In fact there is a world of difference between earlier versions of the Hyperaudio Pad and that I largely developed and the version we have now after a week of collaboration.
Putting our weird Renée and Renato relationship aside for a bit, let’s talk a little about what it is that the Hyperaudio Pad is actually meant to do.
The Power of the Remix
OK, so key aims here are really to encourage the remixing of media in a new and refreshingly easy way – in doing so promote media literacy. On the subject of remixing at its importance in counter-culture I’d encourage you to check out RIP! : A Remix Manifesto and the excellent Everything is a Remix series.
Actually Brett Gaylor of Remix Manifesto fame is doing similar work by leading the effort building sequencing into Popcorn Maker. We’re approaching the same objective from completely different angles.
Although we use the Popcorn.js library at the heart of the Hyperaudio Pad, we use text to describe and represent media content. This may seem counter intuitive but actually transcripts can be a great way to navigate media content. Transcripts help break media out of it’s black box and we can scan and search through it relatively quickly. The Hyperaudio Pad borrows from the word-processor paradigm allowing people to copy blocks of transcript and associated media and further, allowing them to describe transitions, effects, adjust volumes using natural language that resemble editing directions in a script.
As an example of some transitions and effects you can currently insert between clips:
[fade through black over 2 seconds, apply effects nightvision, scanlines, tvglitch] currently works.
which is equivalent to:
[fade black 2 apply nightvision scanlines tvglitch]
but we want to encourage the user to be descriptive as these directions are both human and computer readable.
Other effects include : ascii, colorcube, emboss, invert, noise, ripple, scanlines, sepia, sketch, vignette
This system will evolve of course, and we hope to allow stuff like:
[change volume to 50% over 3 seconds, change brightness to 20% over 2 seconds, play track 'love me do' from 30 seconds to 35 seconds, change track volume from 0 to 80% over 2 seconds]
(stuff like that)
Transcript snippets, combined with text described transitions and effects act as a kind of source code for the media.
As cuts are nothing more than weak references to media files, start and end times and effects that are simply layered — in real-time — over the top, we can make additive remixes as easily as we can subtractive ones, that is to say, somebody could take a remix and enhance it by peeling back a specific snippet to reveal more, thereby adding to the piece.
In fact a key goal here is to allow remixing of remixes.
So a bit about more about the technology powering this. Effects are handled by Brian Chirls‘ seriously cool Seriously.js – a comprehensive video compositing library. The great thing about Seriously.js is that it is a modular system. We can add effects (and load their code dynamically) as we go. I also look forward to using some of our experience gained with the Web Audio API to apply realtime audio effects. The wider vision is to make a system that will take raw media, transcribe it and allow you to do all the things you could do with a professional video editing package.

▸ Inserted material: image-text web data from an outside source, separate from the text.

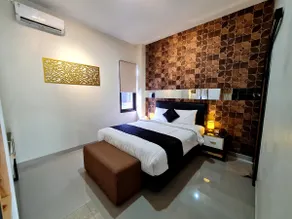 Beautiful Home with Private Pool - Image 4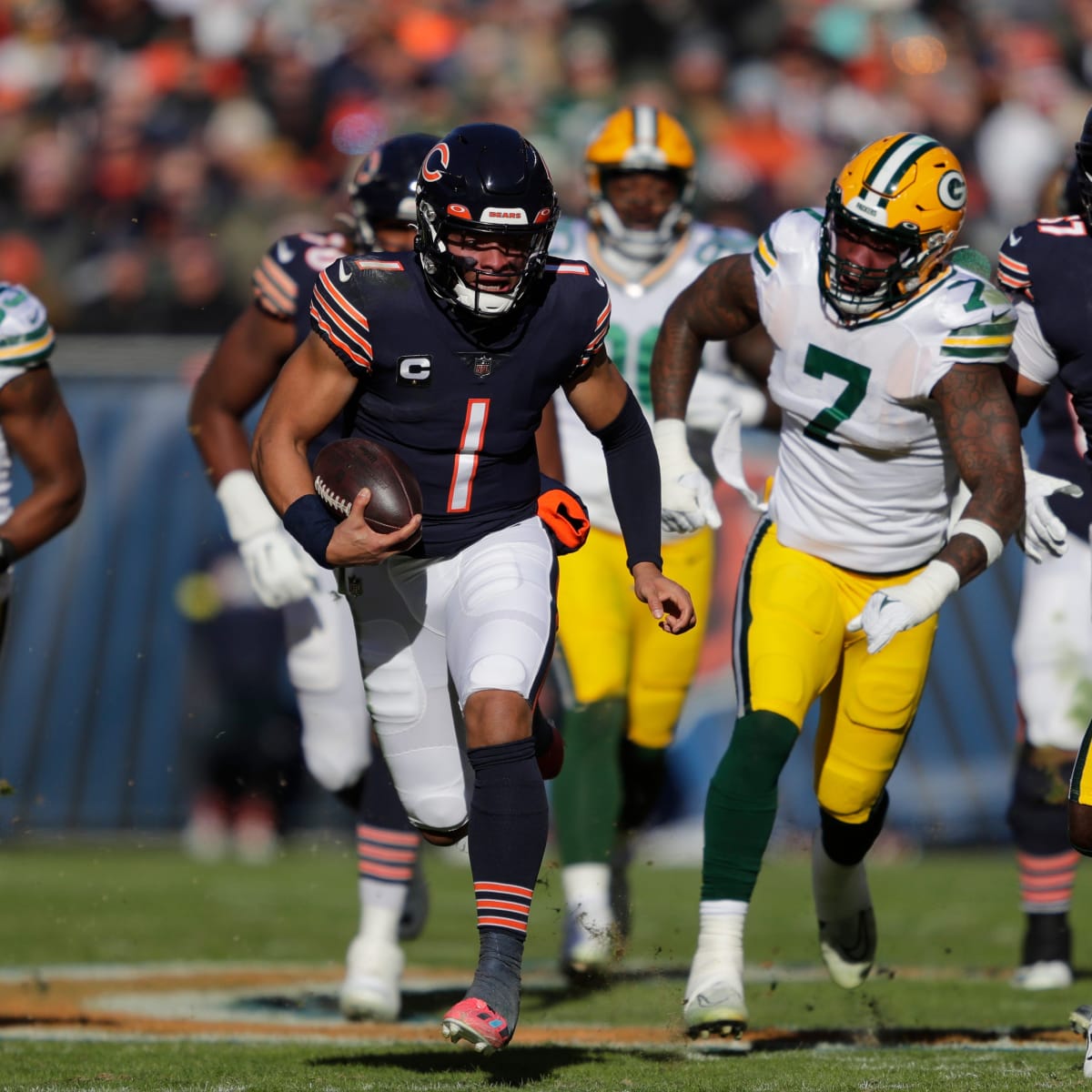 Justin Fields Returns, But Chicago Bears Lose Their 6th Straight Game — And  8th Straight To Green Bay Packers - Chicago Tribune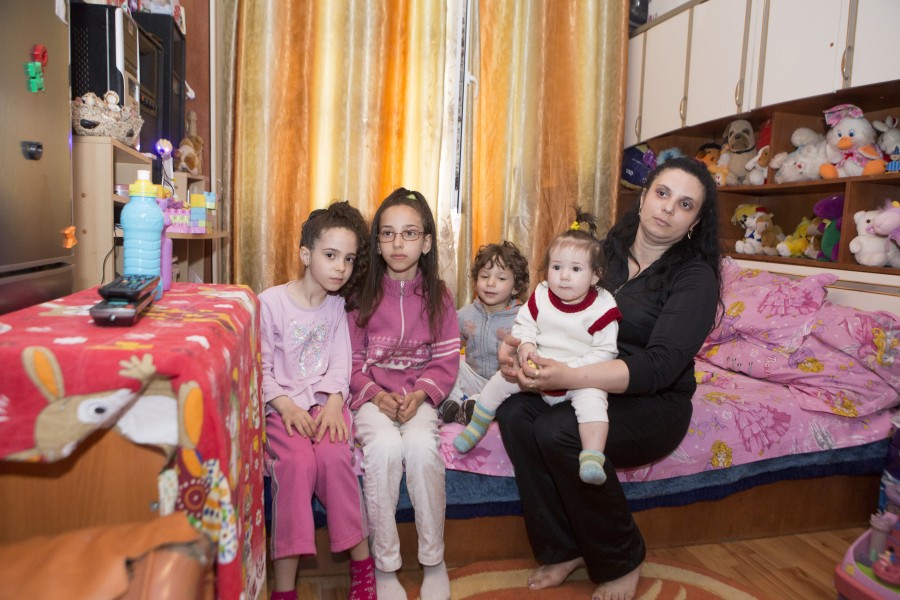 Campania "Din inimă!"/ Familia care nu mai încape în propria casă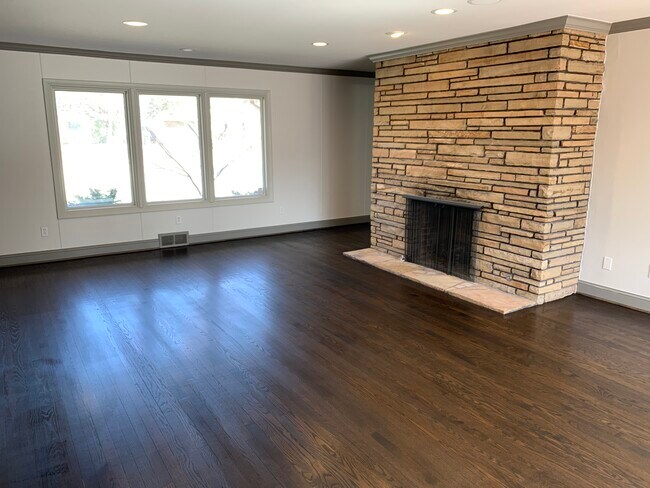 Building Photo - 1720 Dorchester Pl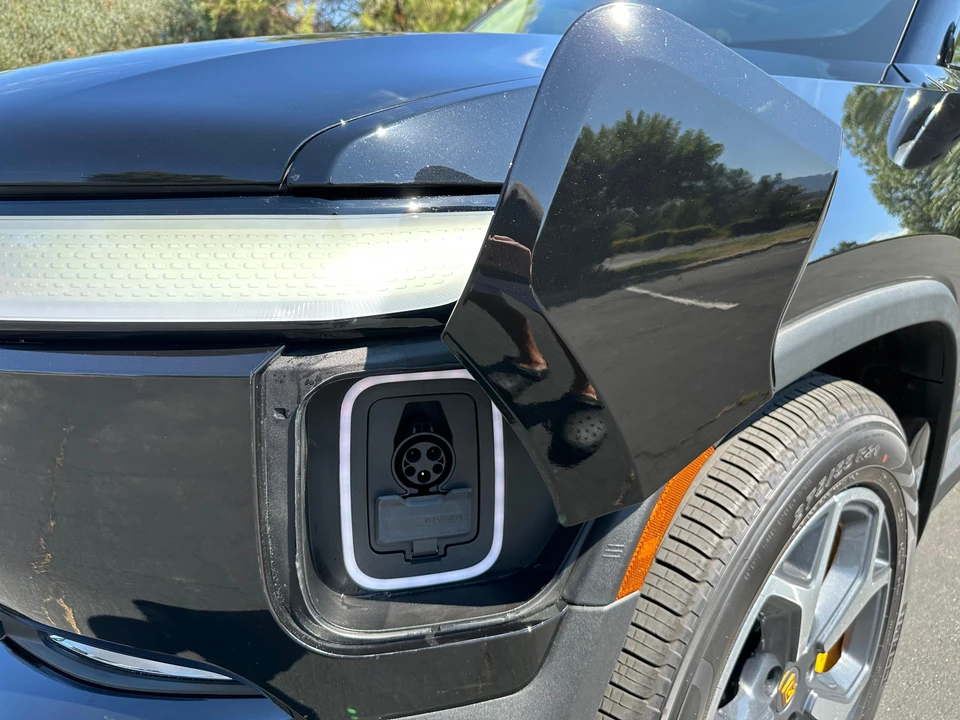 2023 Rivian R1S - Image 24 of 31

We’ve got plenty more to do, certainly some bugs to iron out, but we’re steadily approaching beta. A lot has been restructured behind the scenes, giving us a more stable platform to build on and more quickly enhance. The question I posed and answered on Twitter. What do you call something between alpha and beta? Alpha.
We still plan to add the following features in the near future :
- alter brightness, contrast, saturation etc
- control and fade volume
- add audio track that can be played simultaneously or sequentially
- add effects/transitions in paragraph etc
- allow editing right down to the word, delete words
- allow fine tuning of start and end points
- allow the playback and sharing of fullscreen video remixes with an option to see the underlying ‘source code’.
If you want to play around yourself you can find the latest demo here.
Sourcecode is on GitHub (I should get around to adding an MIT license or something)
Or you can watch a screen recording of where we were at as of yesterday. Apologies for the choppy quality, oh and the background music, it seemed a good idea at the time.
By Mark Boas
Sometimes when we take on projects we don’t really know what we’re letting ourselves in for. To fully know, we’d spec things out to the ninth degree and who wants to or has time for that? Well people like NASA do, but we don’t.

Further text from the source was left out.